* Exercise:
Leaving out the images, please reproduce each line below exactly.

(Stored items)
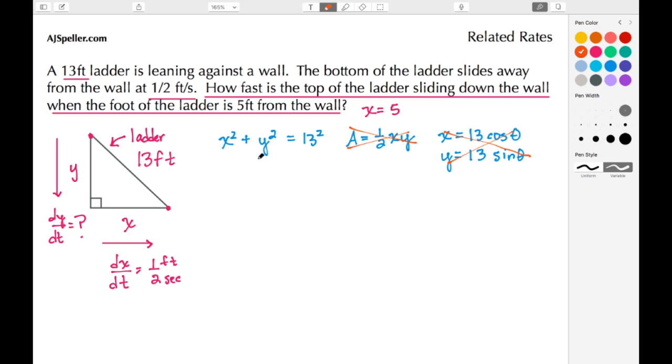We're going to use implicit differentiation on the Pythagorean theorem, but before we do that we need to set up what I'm going to call a snapshot.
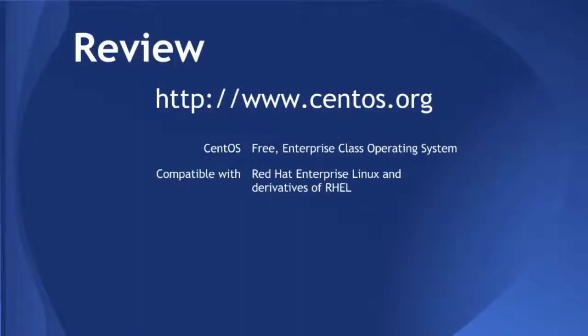Now let's go ahead and review. To get CentOS, you go to www.centos.org. It's free. It's the same as Enterprise Linux from Red Hat. It's also the same as Oracle Enterprise Linux.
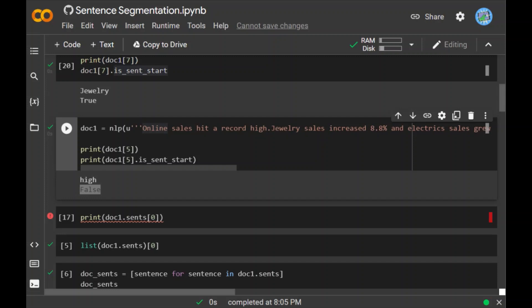As we can see, it gives me an error because sents is a generator object and it's not a list. In order to solve this problem, what we can do is simply say list() and inside that list we can pass this entire text, which is doc1.sents[0]. Now I put this inside the list, when I run it, you get the result.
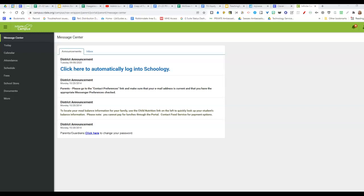The Infinite Campus portion of the portal is used for attendance, transcripts which are final course grades and credits, transportation, health, and behavior information. This video will show how to access Infinite Campus from a desktop or laptop computer.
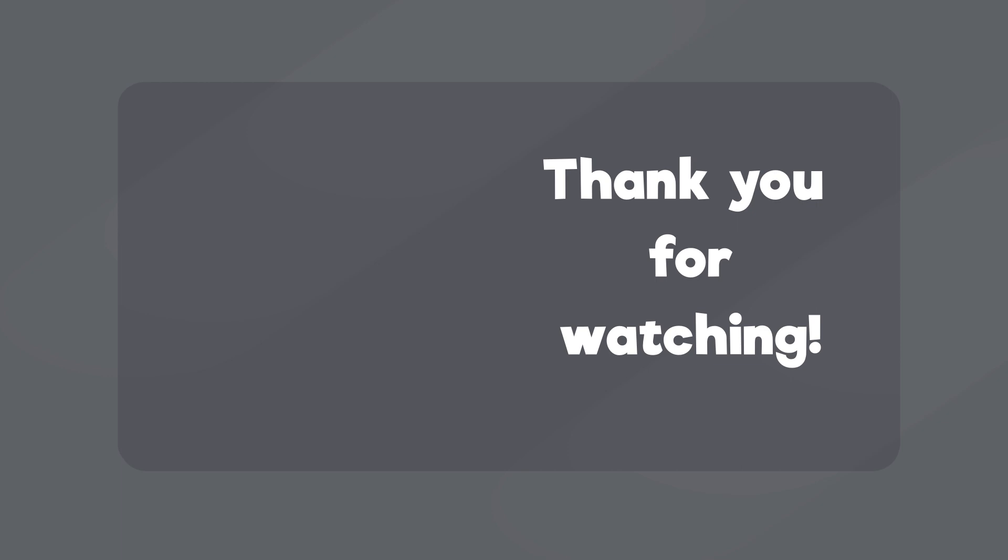Anyway, I hope this video was helpful. And thank you for watching. Bye!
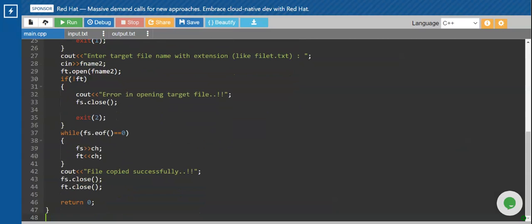Now comes the main part. We have opened both files — one for reading, one for writing. I want to start reading the first file until I reach the end of the file, copying one character and writing it into the second file. While the first file does not end — that means the end-of-file function returns zero — there is a character present, so I enter the loop. I read one character using fs and write the same character into my second file using ft.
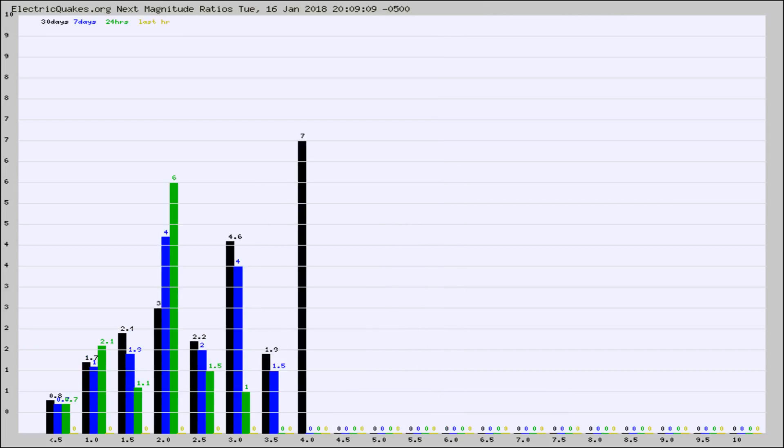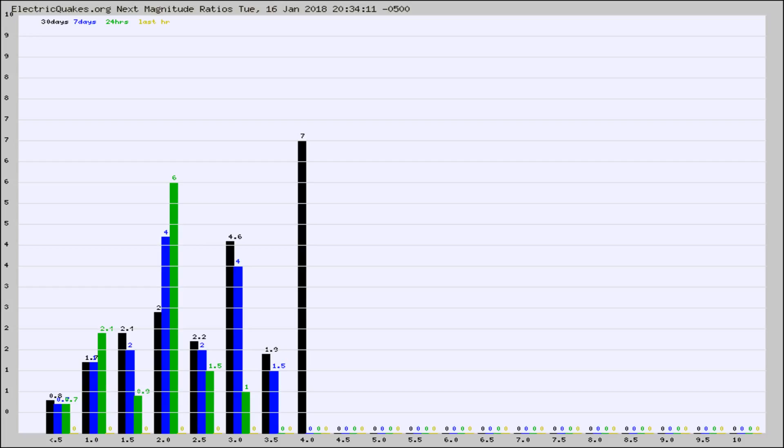And now you're seeing the same thing for just the subset area in California. Again, the black column is 30 days, blue is 7, green is 24 hours, and gold is in the last hour.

* Answer area:
We're going to use implicit differentiation on the Pythagorean theorem, but before we do that we need to set up what I'm going to call a snapshot.
Now let's go ahead and review. To get CentOS, you go to www.centos.org. It's free. It's the same as Enterprise Linux from Red Hat. It's also the same as Oracle Enterprise Linux.
As we can see, it gives me an error because sents is a generator object and it's not a list. In order to solve this problem, what we can do is simply say list() and inside that list we can pass this entire text, which is doc1.sents[0]. Now I put this inside the list, when I run it, you get the result.
The Infinite Campus portion of the portal is used for attendance, transcripts which are final course grades and credits, transportation, health, and behavior information. This video will show how to access Infinite Campus from a desktop or laptop computer.
Anyway, I hope this video was helpful. And thank you for watching. Bye!
Now comes the main part. We have opened both files — one for reading, one for writing. I want to start reading the first file until I reach the end of the file, copying one character and writing it into the second file. While the first file does not end — that means the end-of-file function returns zero — there is a character present, so I enter the loop. I read one character using fs and write the same character into my second file using ft.
And now you're seeing the same thing for just the subset area in California. Again, the black column is 30 days, blue is 7, green is 24 hours, and gold is in the last hour.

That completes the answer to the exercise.